Published online by Cambridge University Press: 31 December 2018
Whereas seventeenth-century piracy has been recognised as an integrated component of the developing European Atlantic world, eighteenth-century pirates have been marginalised as an isolated group with few ties to landed communities. Such evaluations have stressed the heightened extension of state authority to the colonial theatre in the eighteenth century and, by doing so, have overlooked how pirates continued to interact with colonial actors operating in contested and unclaimed regions throughout the Atlantic commons. It is imperative that the Atlantic commons is given full consideration in any discussion of Atlantic maritime activity as it was within these expanses that inter-imperial, inter-colonial, and cross-border colonial actors converged. This article utilises the piratical voyage captained by Howell Davies (and later Bartholomew Roberts) to demonstrate that it was within this commons that eighteenth-century piratical voyages were sustained and facilitated through the forced acquisition of supplies, through markets for plundered goods, and through the opportunities available for dispersing amongst landed communities at the end of expeditions. Continued connections between colonial denizens and pirates in the eighteenth century compels a reassessment of pirates’ isolation to instead place them within the wider population of coastal traders, sojourning mariners, and marginal colonial settlers who existed both within and outside of the imperial framework espoused by state and colonial centres. Ultimately, this questions the overall ability of European states to regulate maritime traffic when vessels sailed out of sight of established colonial ports, and beyond the practical reach of imperial authority.

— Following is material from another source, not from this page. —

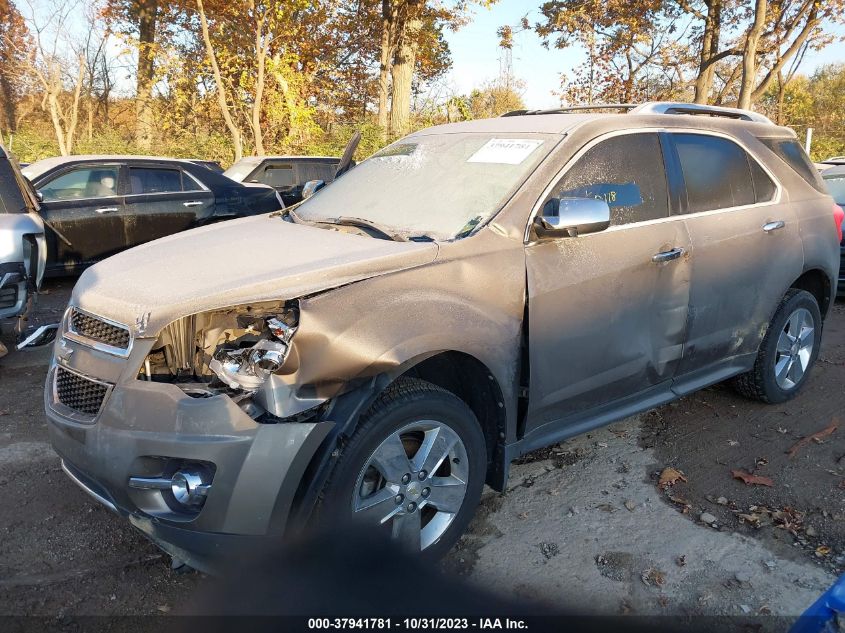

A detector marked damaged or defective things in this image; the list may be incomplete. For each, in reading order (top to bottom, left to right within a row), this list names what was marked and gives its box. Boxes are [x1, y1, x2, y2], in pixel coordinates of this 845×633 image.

damaged front bumper [44, 346, 332, 572]
damaged gold suv [44, 102, 836, 568]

David Wilson’s interest is in the history of maritime predation in the early modern Atlantic world. Specifically, he examines the multilateral responses to maritime predation across state, colonial, and imperial divides. Currently, he is writing a book on the British responses to Atlantic piracy in the early eighteenth century, and beginning a new project examining the Spanish guardacosta and their impact on Anglo-Spanish relations in Europe and the Greater Caribbean. He was awarded his doctorate from the University of Strathclyde in February 2018, where he continues to teach the history of the westward enterprise and the British empire as a postdoctoral teaching assistant.